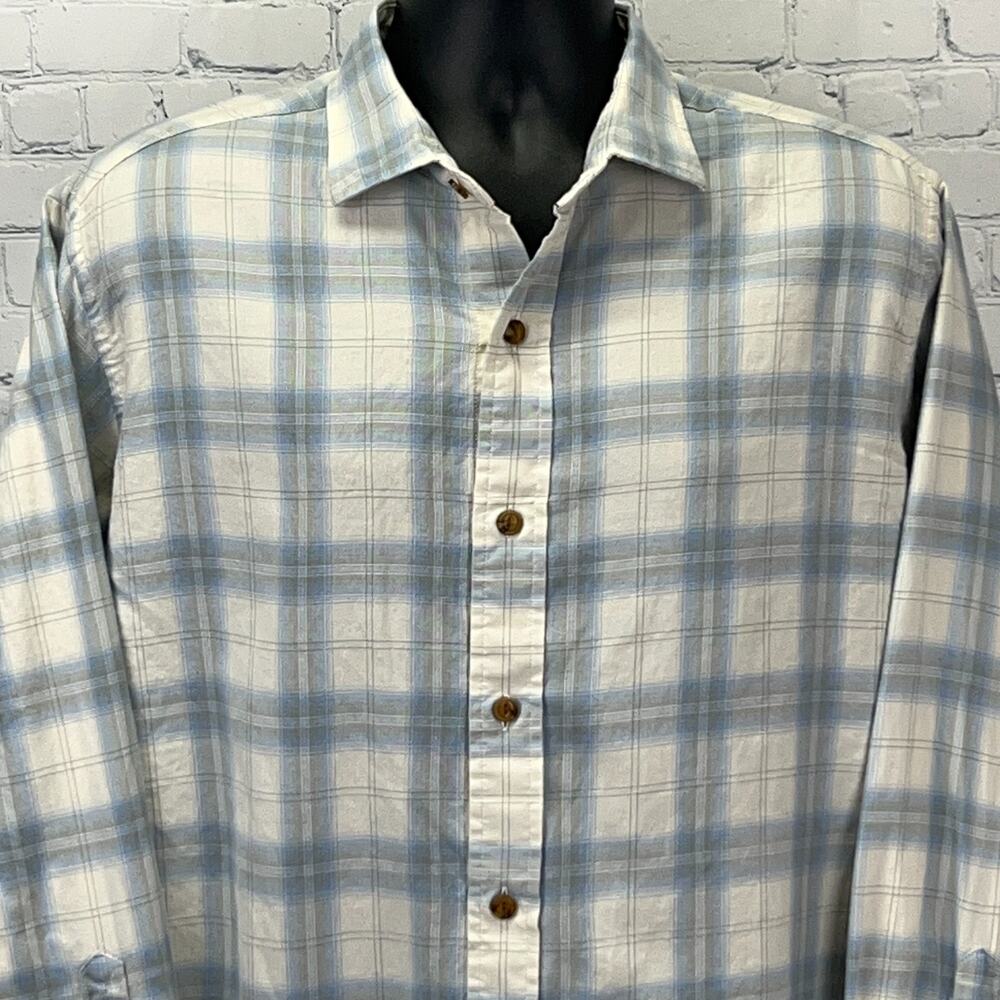 Orvis Classic Fit Shirt Mens L Large Blue Plaid Cotton Tencel Long Sleeve Casual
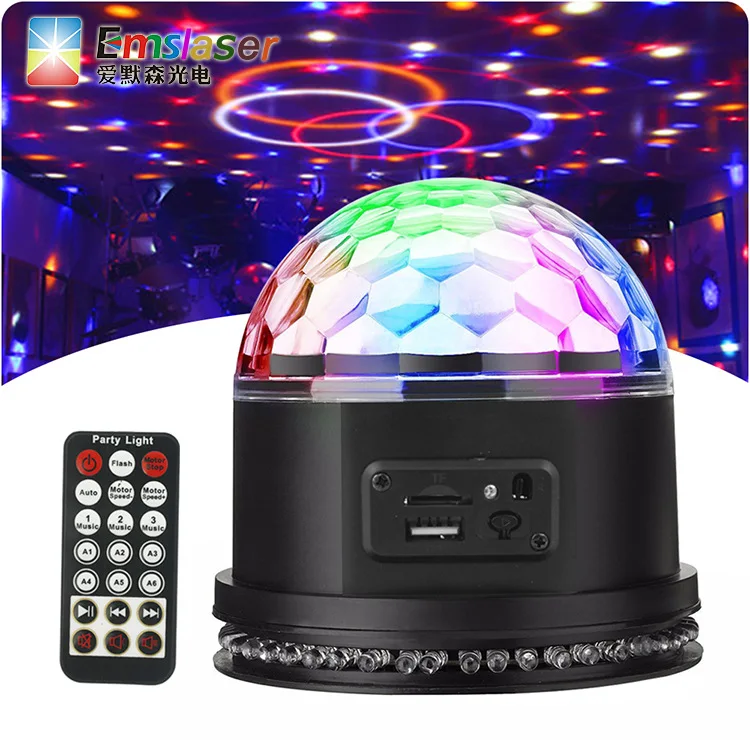 

6-Color Music MP3 Crystal Magic Ball LED Stage Lighting KTV Flashlight Laser Light Bar Colorful Light Laser Light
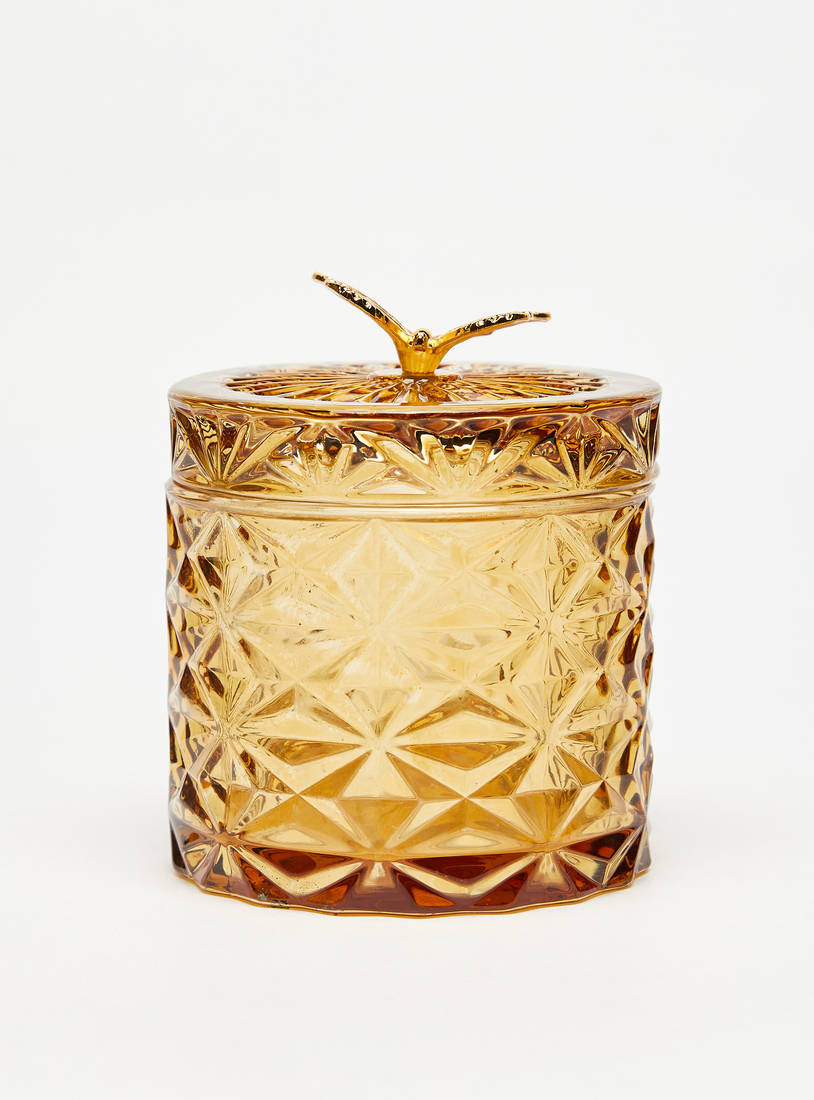 Embossed Glass Jar with Butterfly Accented Lid-Home Décor-image-0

(What you need to do):
Copy exactly, and only, the lines running from the one containing "6-Color Music MP3" through the final line of the data, and omit the pictures.

(Result):
6-Color Music MP3 Crystal Magic Ball LED Stage Lighting KTV Flashlight Laser Light Bar Colorful Light Laser Light
 Embossed Glass Jar with Butterfly Accented Lid-Home Décor-image-0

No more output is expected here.